(Captioned web image data)
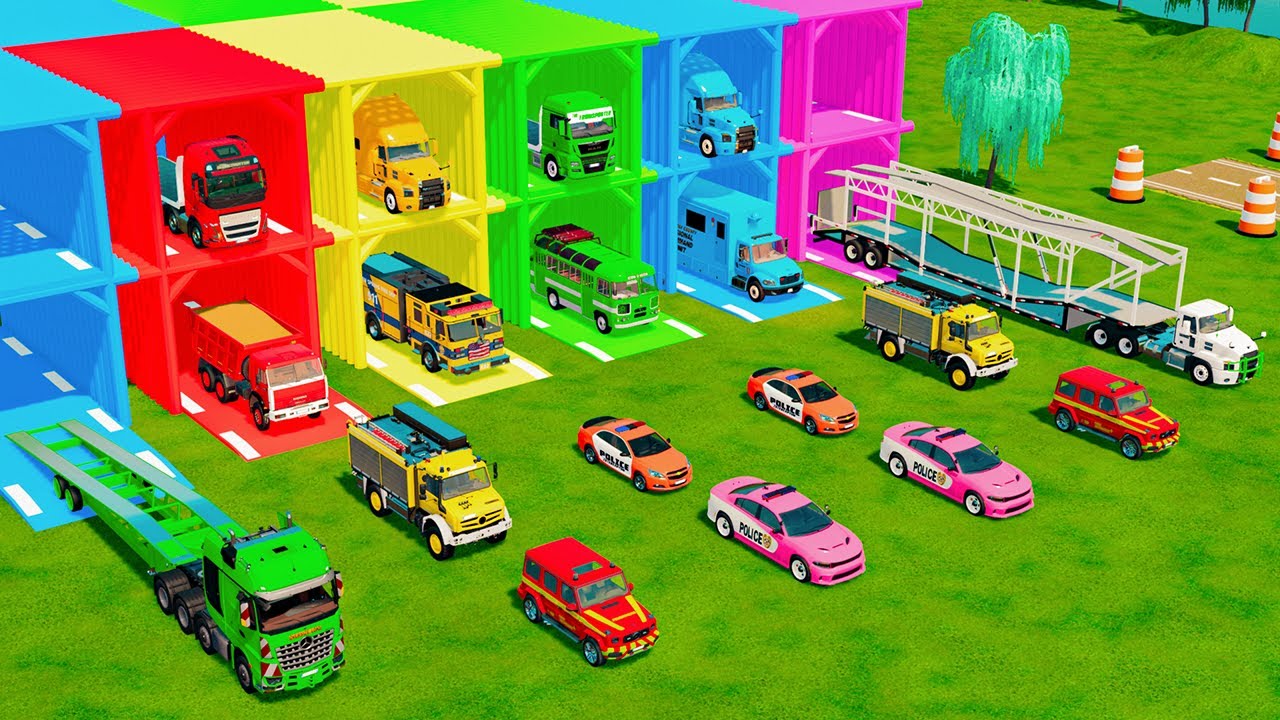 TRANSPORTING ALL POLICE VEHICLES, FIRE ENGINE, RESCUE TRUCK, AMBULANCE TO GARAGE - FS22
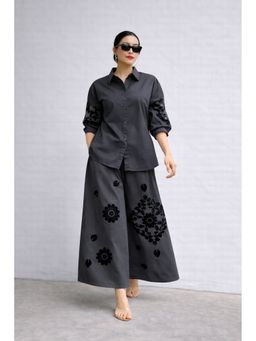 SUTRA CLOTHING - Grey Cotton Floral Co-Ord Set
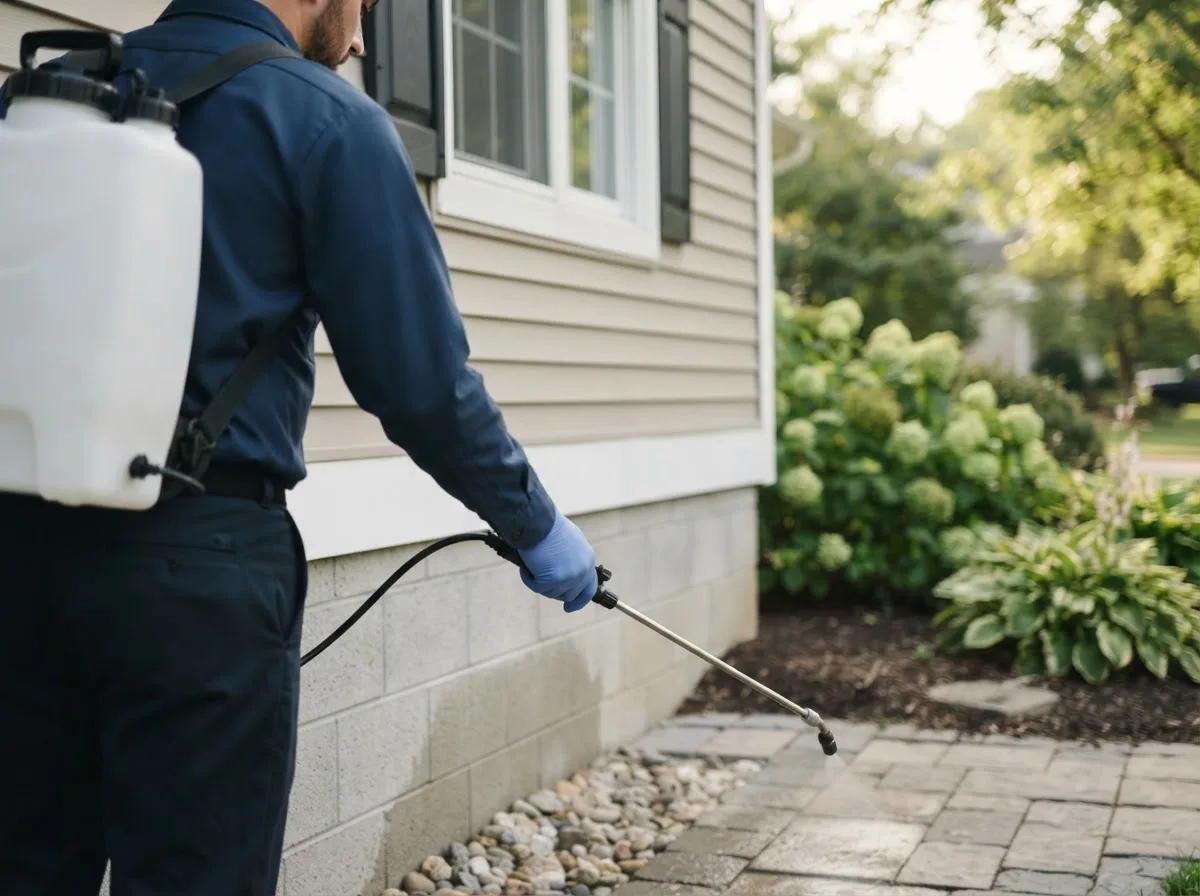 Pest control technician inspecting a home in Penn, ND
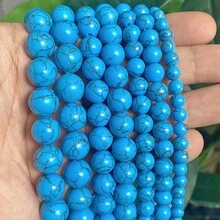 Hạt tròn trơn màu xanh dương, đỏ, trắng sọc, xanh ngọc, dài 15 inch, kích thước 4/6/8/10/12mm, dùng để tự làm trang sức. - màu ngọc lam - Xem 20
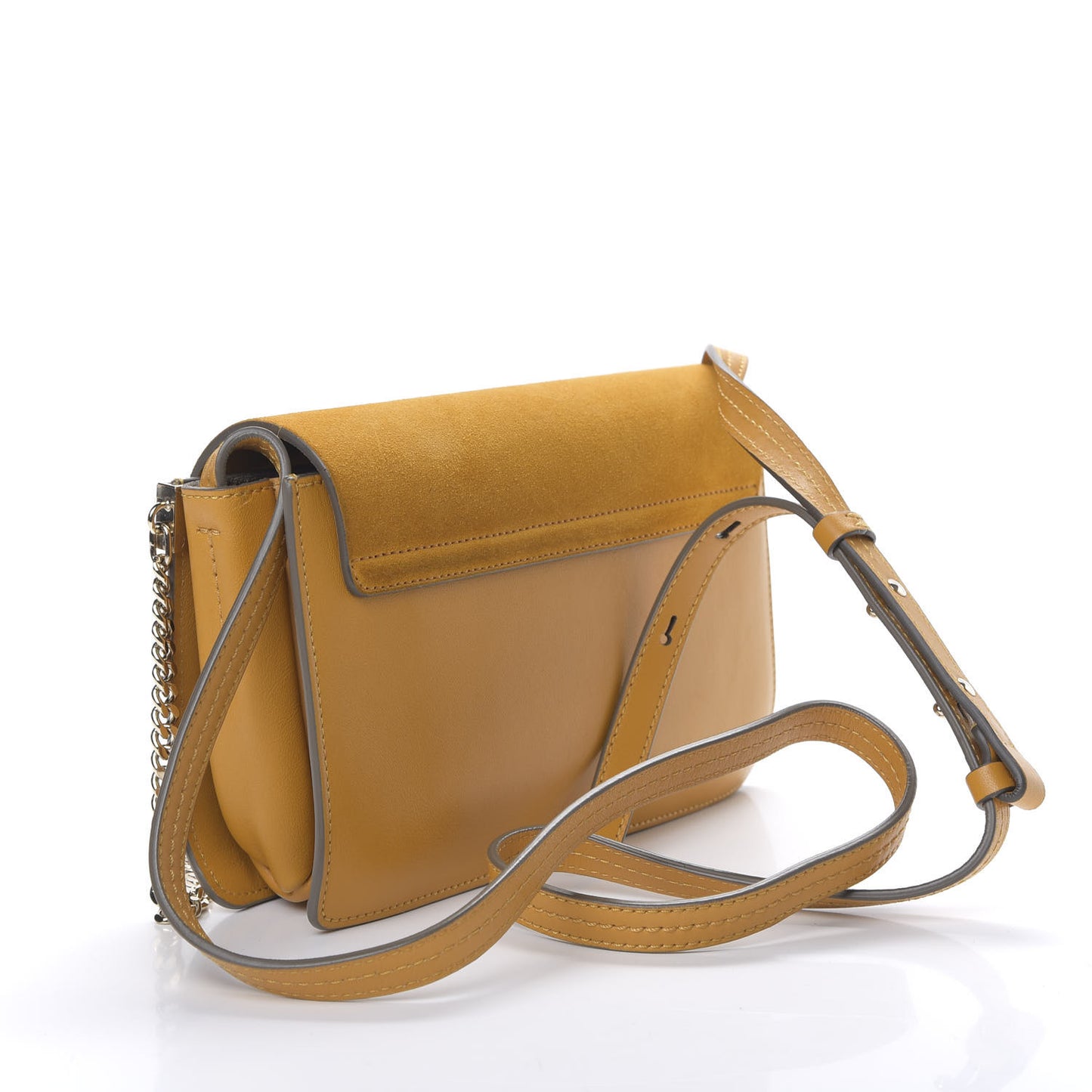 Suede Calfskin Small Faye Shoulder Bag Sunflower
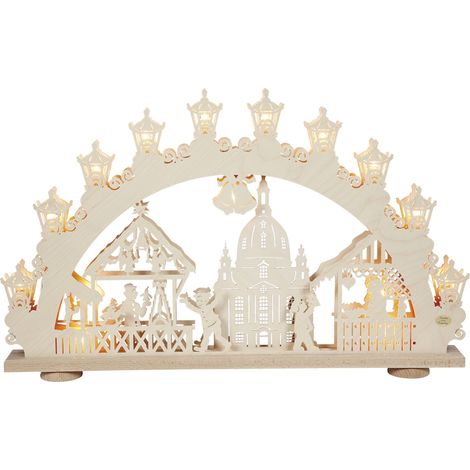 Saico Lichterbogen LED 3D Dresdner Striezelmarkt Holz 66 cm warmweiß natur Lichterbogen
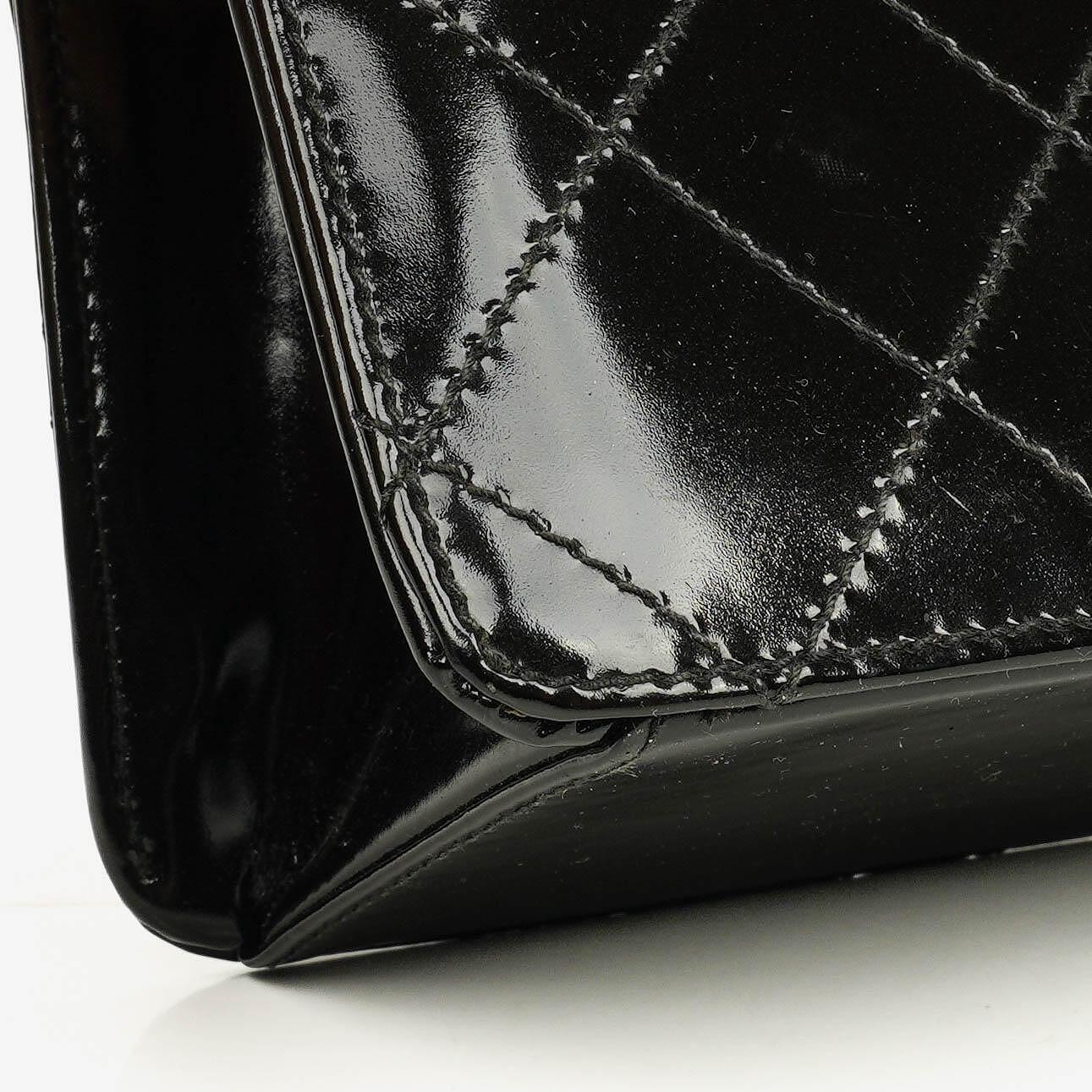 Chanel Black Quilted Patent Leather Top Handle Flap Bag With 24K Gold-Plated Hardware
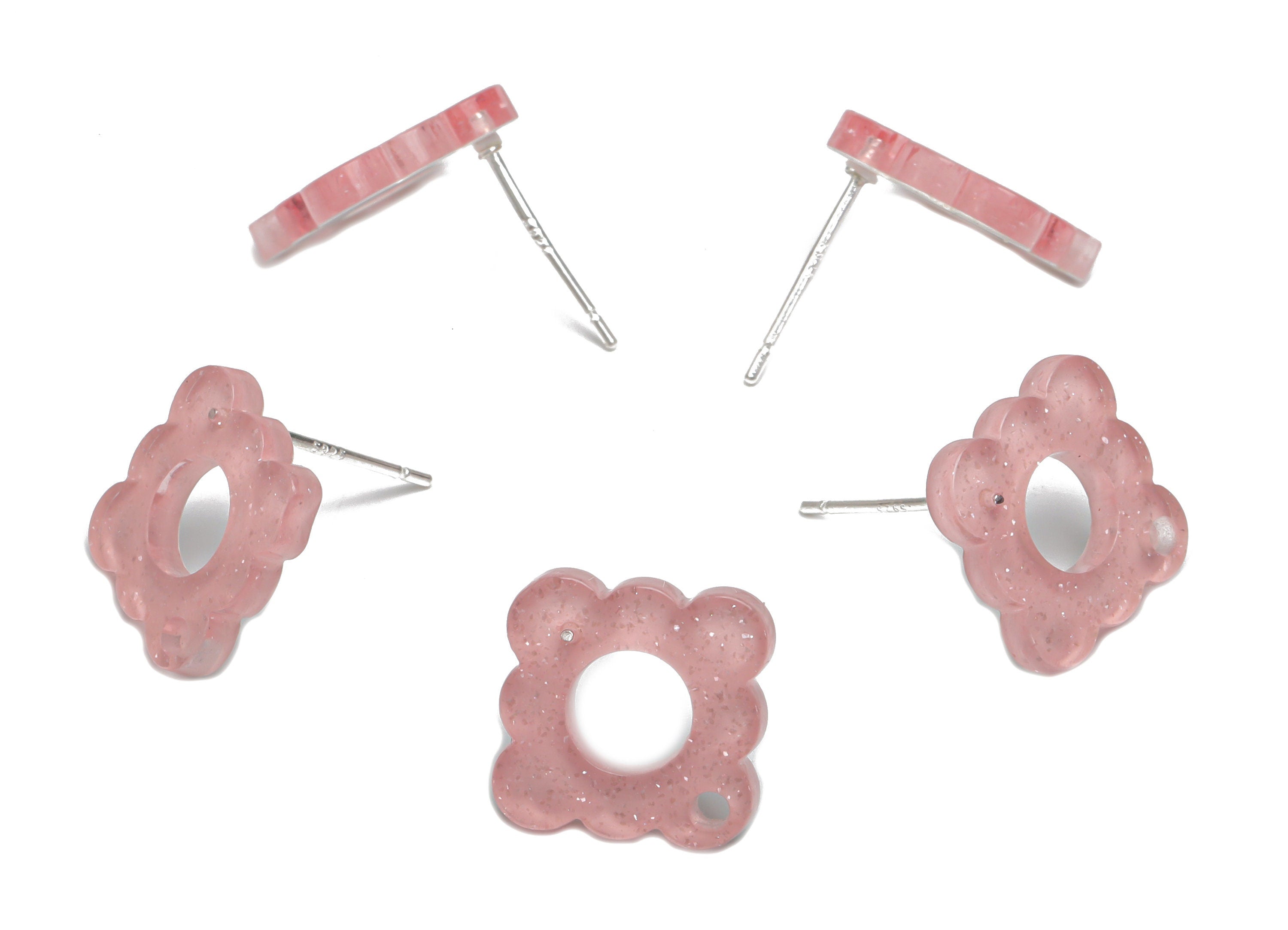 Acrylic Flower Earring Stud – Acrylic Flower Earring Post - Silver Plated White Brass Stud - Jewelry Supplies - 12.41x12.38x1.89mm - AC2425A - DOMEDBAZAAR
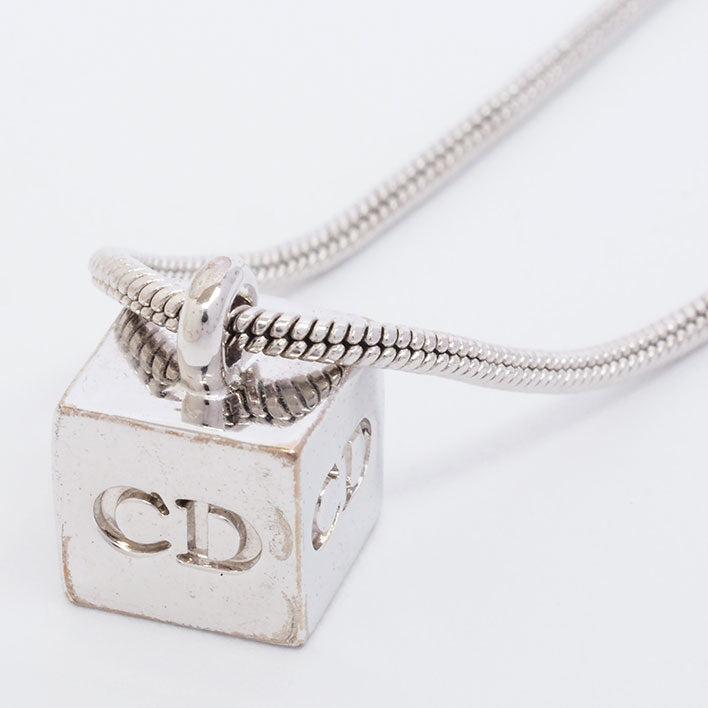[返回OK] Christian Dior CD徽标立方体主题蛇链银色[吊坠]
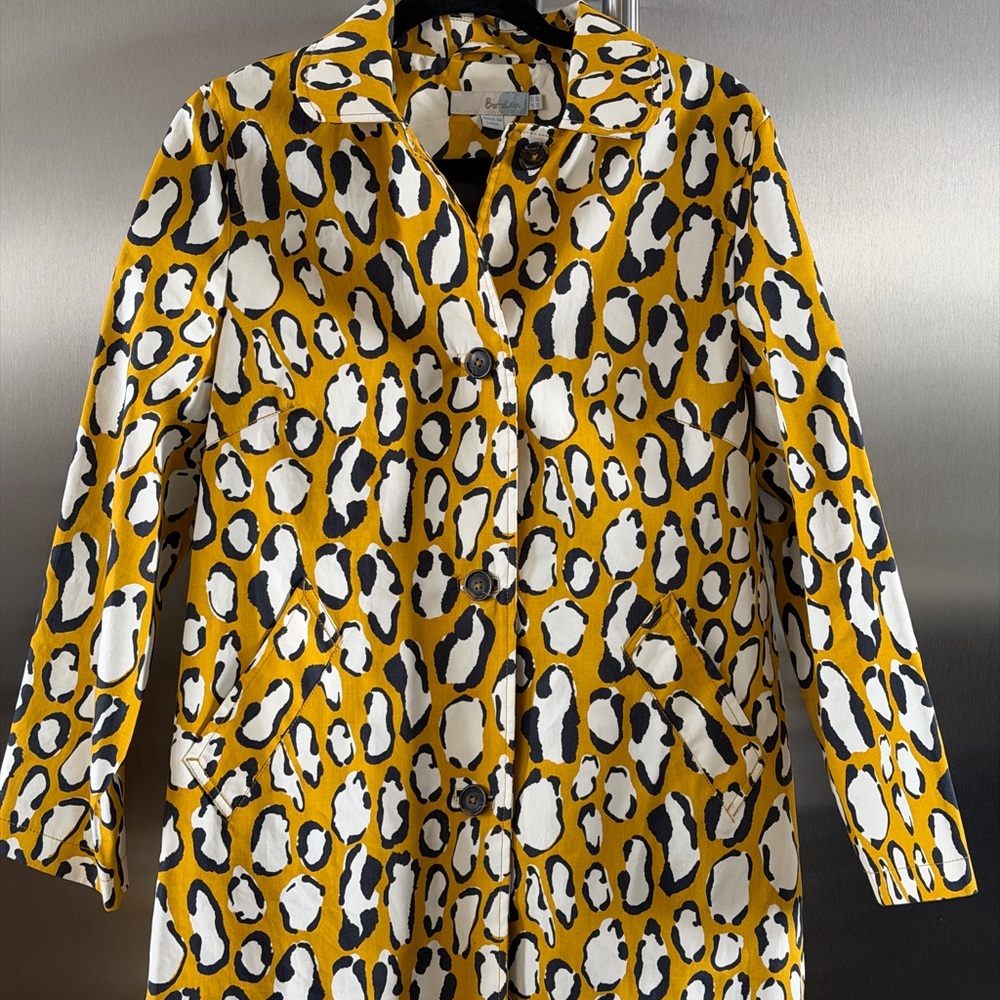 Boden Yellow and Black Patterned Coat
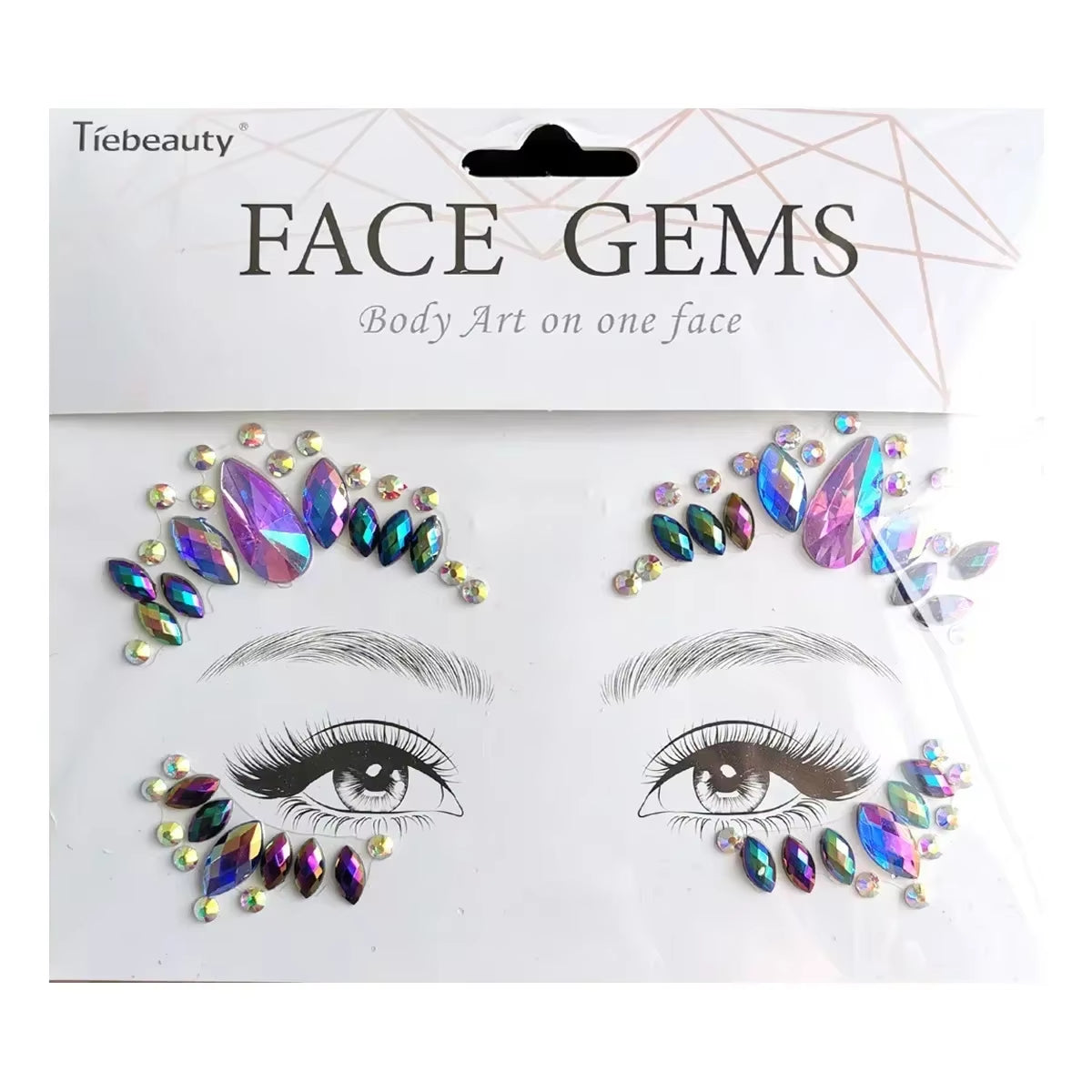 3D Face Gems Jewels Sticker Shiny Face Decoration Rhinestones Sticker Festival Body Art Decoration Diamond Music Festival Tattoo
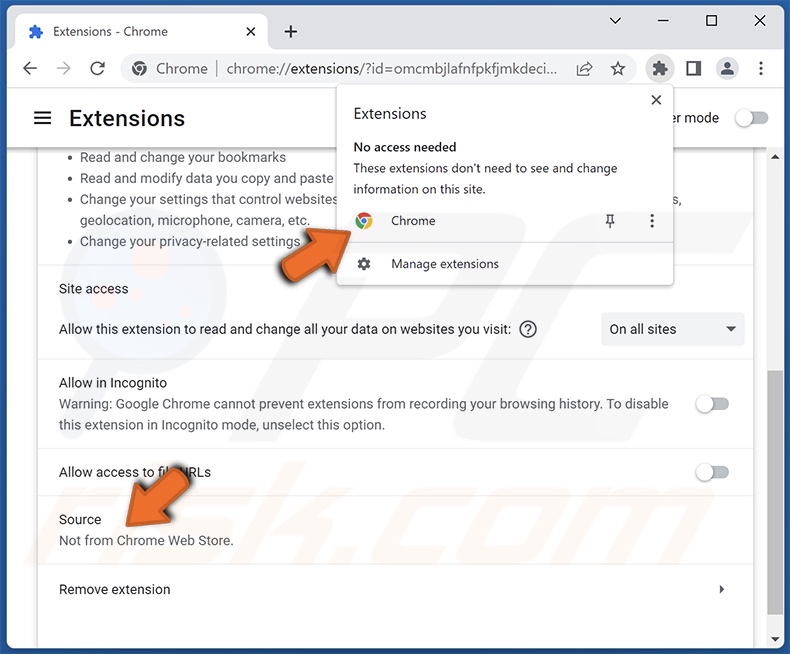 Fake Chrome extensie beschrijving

◆ AIM OF THE EXERCISE ◆
Your answer must be an exact copy of the lines from the one with "Pest control technician" through the final line of the data, both included, without any pictures.

◆ SOLUTION TO THIS TASK ◆
 Pest control technician inspecting a home in Penn, ND
 Hạt tròn trơn màu xanh dương, đỏ, trắng sọc, xanh ngọc, dài 15 inch, kích thước 4/6/8/10/12mm, dùng để tự làm trang sức. - màu ngọc lam - Xem 20
 Suede Calfskin Small Faye Shoulder Bag Sunflower
 Saico Lichterbogen LED 3D Dresdner Striezelmarkt Holz 66 cm warmweiß natur Lichterbogen
 Chanel Black Quilted Patent Leather Top Handle Flap Bag With 24K Gold-Plated Hardware
 Acrylic Flower Earring Stud – Acrylic Flower Earring Post - Silver Plated White Brass Stud - Jewelry Supplies - 12.41x12.38x1.89mm - AC2425A - DOMEDBAZAAR
[返回OK] Christian Dior CD徽标立方体主题蛇链银色[吊坠]
 Boden Yellow and Black Patterned Coat
 3D Face Gems Jewels Sticker Shiny Face Decoration Rhinestones Sticker Festival Body Art Decoration Diamond Music Festival Tattoo
 Fake Chrome extensie beschrijving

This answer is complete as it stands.